The history of gloves begins mythologically with the invention of the Graces: summoned by Venus, who had injured her hands, they sewed bandages around her fingers. They existed in Egypt, and in the Odyssey, Laertes uses them to work in the fields, which the Romans borrowed from barbarian peoples. In the Middle Ages, a glove filled with soil would finalize property sales.
A symbol of royal power, it was worn by King Arthur, and perhaps the most beautiful gloves still in existence are those preserved in Vienna, once belonging to King Frederick II for his Capitol coronation; they date back to around 1220, made in Palermo and embroidered with gold, spinels, and corundums.
The great Sicilian tradition of Palermo silk-making spread to various parts of the South, especially in Naples when the Frederickian court temporarily relocated there. Also in Naples, on the scaffold of Piazza Mercato, Conradin of Swabia threw his glove before dying: the challenge for the inheritance against the Angevins was launched (1268).
A bit worse went for Pope Boniface VIII who, according to the legend of the “Slap of Anagni,” received from William Nogaret and Sciarra Colonna on behalf of King Philip IV the Fair, the affront of an iron glove between head and neck (1303).
When his papal tomb was reopened in 1605, precious white silk gloves made by needle were found.
Naturally, the Renaissance is the century that sees the explosion of the glove fashion: perfumers and glovemakers merge into one art to treat leather with fragrant essences. There are even tales from this era of poisoned gloves used to kill lovers and rivals.
The most beautiful pair in painting is worn by Parmigianino’s “Antea” at Capodimonte (1535): a glove almost like a falconer’s, gripping the other one not worn while being bitten by the mink on her shoulder.
In Naples, where glove manufacturing is a pride, a “Guantai” district already existed at Camaldoli; the viceregal statute dates back to 1627 for the Guild of Glovemakers, definitively separated from the perfumers in 1661: the scented gloves “in the Arab-Granadian style” produced in the city were famous.
The modern revival of Neapolitan gloves has a specific date: in 1804, Giovanni Loforte was granted permission to establish a manufactory in the French style.

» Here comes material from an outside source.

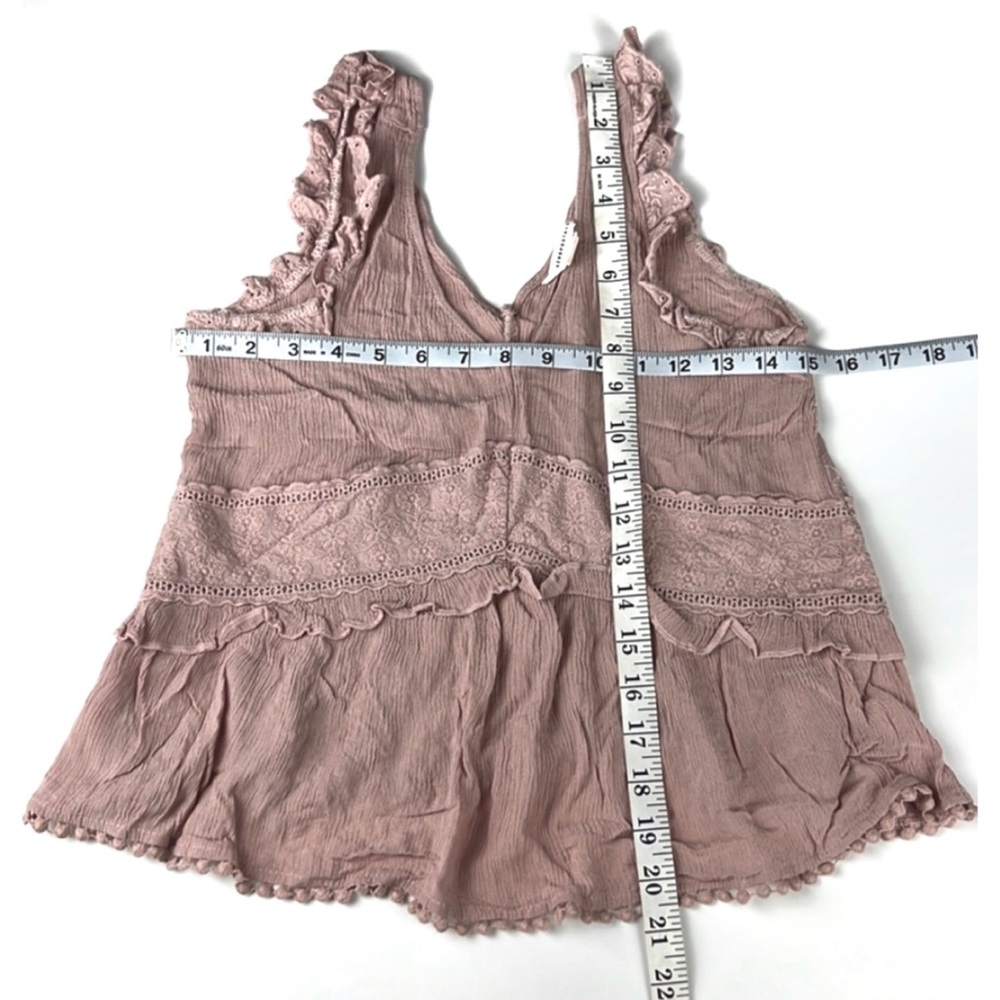 Aeropostale Eyelet Trim V-Neck Rose Pink Floral Ruffle Tank Top Sz: S - Picture 6 of 9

Contacts with Grenoble began, with entrepreneurs coming to the city and multiplying initiatives; there were tanneries on the Maddalena bridge.
By the end of the 19th century, 80% of gloves produced in Italy came from Naples. The Sanità, Stella, Vicaria, and Avvocata districts filled with small workshops, numbering almost 25,000 employees scattered throughout the city in the early 1900s.

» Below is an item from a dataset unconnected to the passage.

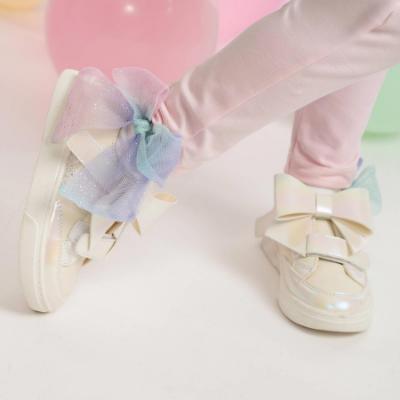 Picture of Caramelo Kids Girls Mixed Bow Trainer - Ivory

After the war, the area of “Guantai Vecchi” (from Via S. Tommaso d’Aquino to Via Armando Diaz), with shops and factories producing glue made by boiling leather scraps, was demolished and rebuilt, becoming “Guantai Nuovi.”
Northern industries and synthetic materials would cause the production of excellence to plummet.
But not all is lost; in the novel “American Pastoral” – Pulitzer Prize 1997 – by Philip Roth: “No one cuts gloves this way anymore… except perhaps in some family-run factory in Naples or Grenoble.”
And indeed, companies of very high craftsmanship still survive, producing the excellence of gloves even today. Korea, Dubai, Singapore, and major brands like Dior, Chanel, Moschino, and Yves Saint Laurent still buy gloves from Naples. The leathers come from all over the world to be cut with the shears – the large scissors – where the “purzata,” the Neapolitan unit of measurement derived from Charlemagne, becomes the ruler, but the seams are millimetric.
And then there are still the “maestone,” the “maste” women who take orders and distribute them house by house, subcontractors of meticulous work often hidden. Neapolitan gloves are mostly sewn by women, hands of humble and skilled hands. Perhaps we still make the most beautiful gloves in the world because they tap into pure, survivor life, beyond every industrial reason but not beyond the industrious one of the art of getting by with skill. They are mostly born in neighborhoods where mothers hold their children very close, perhaps to lose them.